This approach avoids the need for costly separate supply chains and is already used in key sustainability initiatives. It’s one of several chain-of-custody models, others include segregation and certificate trading, and is a practical, credible way to build more sustainable supply chains at scale.
Why Does Mass Balance Matter?
Mass balance might sound like accounting jargon, but it has real benefits for sustainability, traceability, and business compliance. Here’s why it matters:
Scalability: It allows companies to gradually increase the share of sustainable materials without costly infrastructure changes, accelerating the shift to greener products.
Traceability: Even when materials mix, companies must record every input and output, ensuring transparent supply chains.
Compliance: Many regulations (like the EU RED II) require mass balance for biofuels and other sustainable products.

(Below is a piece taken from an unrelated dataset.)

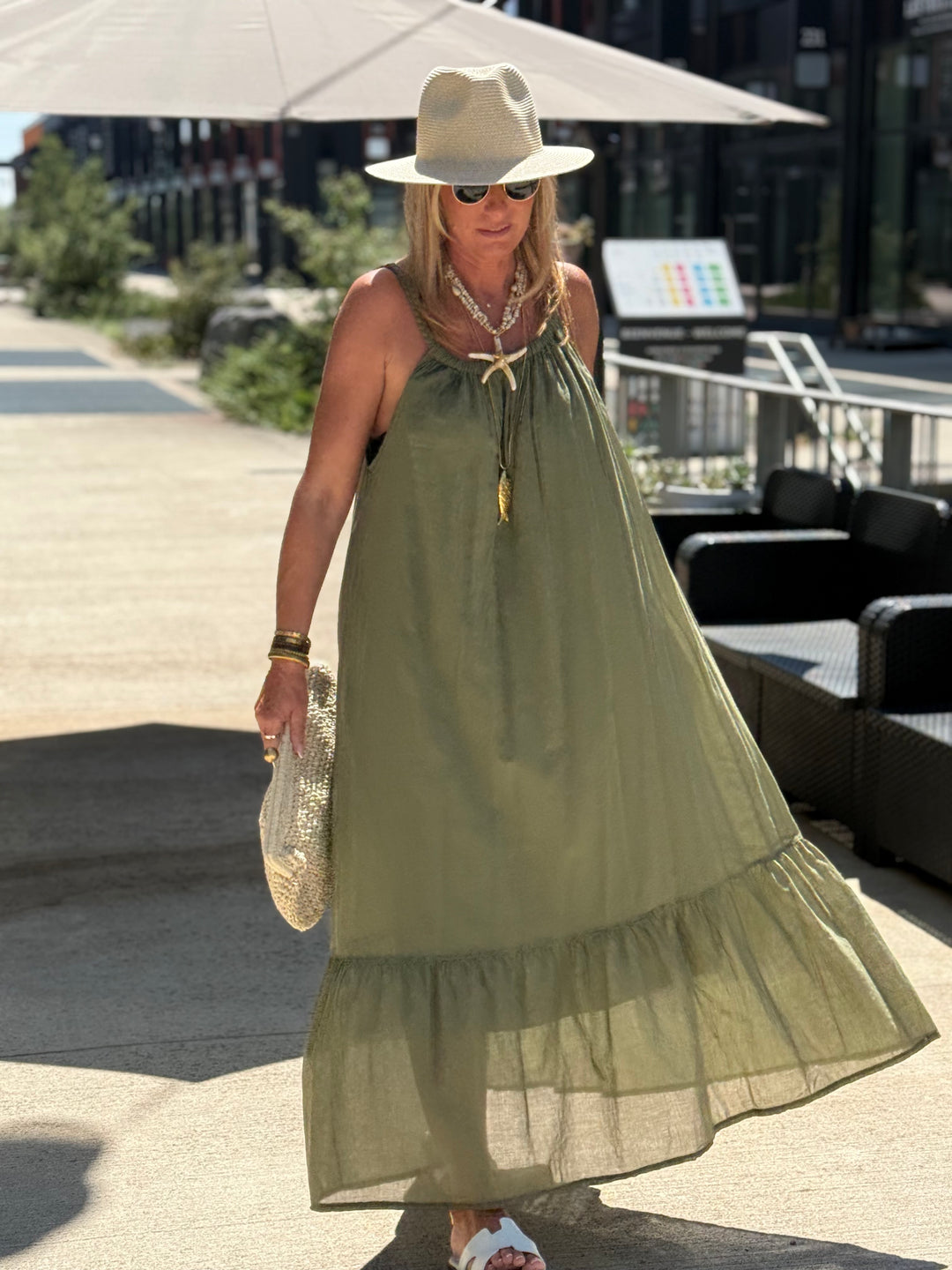 Robe longue col tressée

Efficiency: Companies can integrate greener materials into existing processes, making it easier to decarbonise complex industries.
Credible Claims: When audited and certified, mass balance allows companies to make honest, data-backed sustainability claims, avoiding greenwashing.
In summary, mass balance matters because it makes sustainability feasible at scale. It provides a trustworthy system to integrate greener materials into supply chains that weren’t built for them, all while meeting compliance needs and being transparent about it.
How Does Mass Balance Work in Practice?
The core idea of mass balance application is bookkeeping: for a given factory or supply chain, keep a record of sustainable inputs and make sure you don’t allocate more “sustainable output” than you put in. Here’s a high-level look at the process:
Mass balance example: Consider a factory that uses a mix of 30% certified sustainable feedstock and 70% conventional feedstock in its production. All the material gets mixed together in the process. Through the mass balance approach, the operator assigns that 30% sustainable portion to the outputs in an equivalent way.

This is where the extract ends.